Los Angeles county’s board of supervisors called out the LA Times for its advertising wrap of the newspaper July 1, Eric Sass wrote on MediaDailyNews July 2.
The newspaper featured a four-page advertisement which wrapped the LATExtra section. The ad was for a new King Kong attraction at Universal Studios Hollywood. The first page is labeled “ADVERTISEMENT” in red letters, and the inner pages are labeled “ADVERTISING SUPPLEMENT.”
The five supervisors for Los Angeles county wrote July 1 wrote that the county’s residents “need the Times to be a credible watchdog, scrutinizing the performance of the Board of Supervisors as well as all other levels of government. Today’s mock section front makes a mockery of the paper’s mission.”
They called the practice “offensive and alarming” as well as distasteful.
The LA Times reported July 2, noting that the newspaper’s publisher Eddy Hartenstein backed the advertisement.
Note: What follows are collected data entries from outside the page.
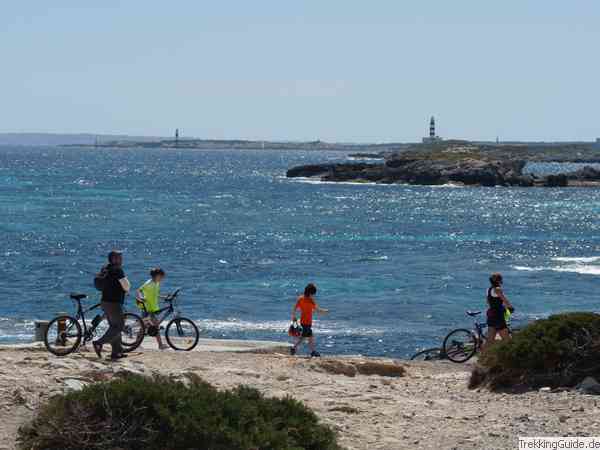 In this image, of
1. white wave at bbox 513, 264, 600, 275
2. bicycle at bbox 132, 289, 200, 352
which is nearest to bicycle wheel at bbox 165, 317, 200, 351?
bicycle at bbox 132, 289, 200, 352

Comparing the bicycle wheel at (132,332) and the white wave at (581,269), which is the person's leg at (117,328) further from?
the white wave at (581,269)

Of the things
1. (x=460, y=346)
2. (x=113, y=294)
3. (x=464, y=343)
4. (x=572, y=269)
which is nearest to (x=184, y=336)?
(x=113, y=294)

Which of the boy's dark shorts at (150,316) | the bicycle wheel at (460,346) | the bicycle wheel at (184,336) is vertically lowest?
the bicycle wheel at (460,346)

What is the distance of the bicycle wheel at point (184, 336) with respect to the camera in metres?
17.5

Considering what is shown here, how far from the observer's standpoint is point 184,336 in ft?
57.6

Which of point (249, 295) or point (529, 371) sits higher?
point (529, 371)

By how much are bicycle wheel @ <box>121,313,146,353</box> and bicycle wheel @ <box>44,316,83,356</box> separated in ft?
2.21

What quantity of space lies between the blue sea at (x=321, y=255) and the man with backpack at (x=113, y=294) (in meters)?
12.2

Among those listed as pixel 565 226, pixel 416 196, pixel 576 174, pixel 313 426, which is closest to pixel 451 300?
pixel 313 426

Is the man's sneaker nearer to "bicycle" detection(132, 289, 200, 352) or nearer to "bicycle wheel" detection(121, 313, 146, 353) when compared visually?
"bicycle wheel" detection(121, 313, 146, 353)

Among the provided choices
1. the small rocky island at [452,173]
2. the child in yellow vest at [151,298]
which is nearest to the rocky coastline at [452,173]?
the small rocky island at [452,173]

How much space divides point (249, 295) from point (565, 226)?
1599 inches

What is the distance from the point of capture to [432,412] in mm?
12641

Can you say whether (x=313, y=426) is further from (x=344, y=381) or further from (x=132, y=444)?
(x=344, y=381) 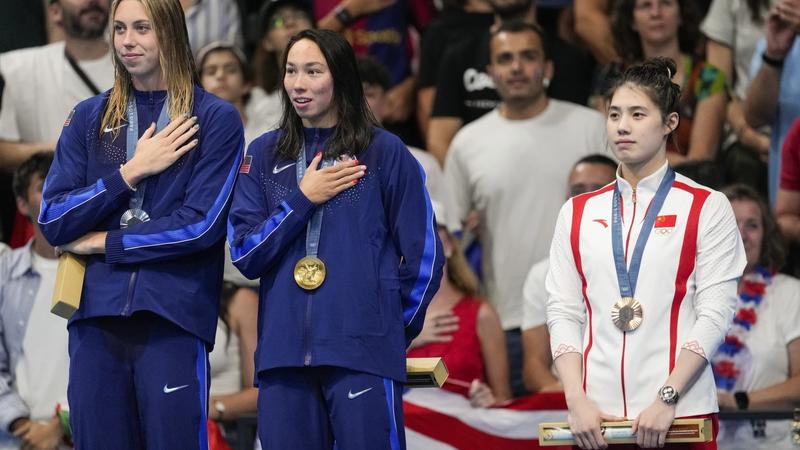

The newspaper also published a selection of readers’ responses, which called the ad wrap irresponsible and damaging to readers trust.
“The Universal Studios Hollywood ad wrapping Thursday’s LATExtra section met our advertising guidelines, including a large, red ‘advertisement’ notification on top of the page.” The LA Times reported Hartenstein said. “Our readers understand the ad-supported economic model of our business, which allows us to provide the outstanding journalism they rely upon 24/7.”
Andy Bechtel, who teaches copy editing at UNC-Chapel Hill, blogged July 1 that advertisements disguised as news aren’t a new trend, butin this instance, the LA Times masked it well. Bechtel wrote that ordinarily the advertisements use noticeable design elements to clearly indicate they are ads, but the LA Times’s most recent ad is “harder to decipher.”
Noting the ad does feature the word advertisement in red, Bechtel wrote that the label is small and the page uses the typical LA Times section header and folio.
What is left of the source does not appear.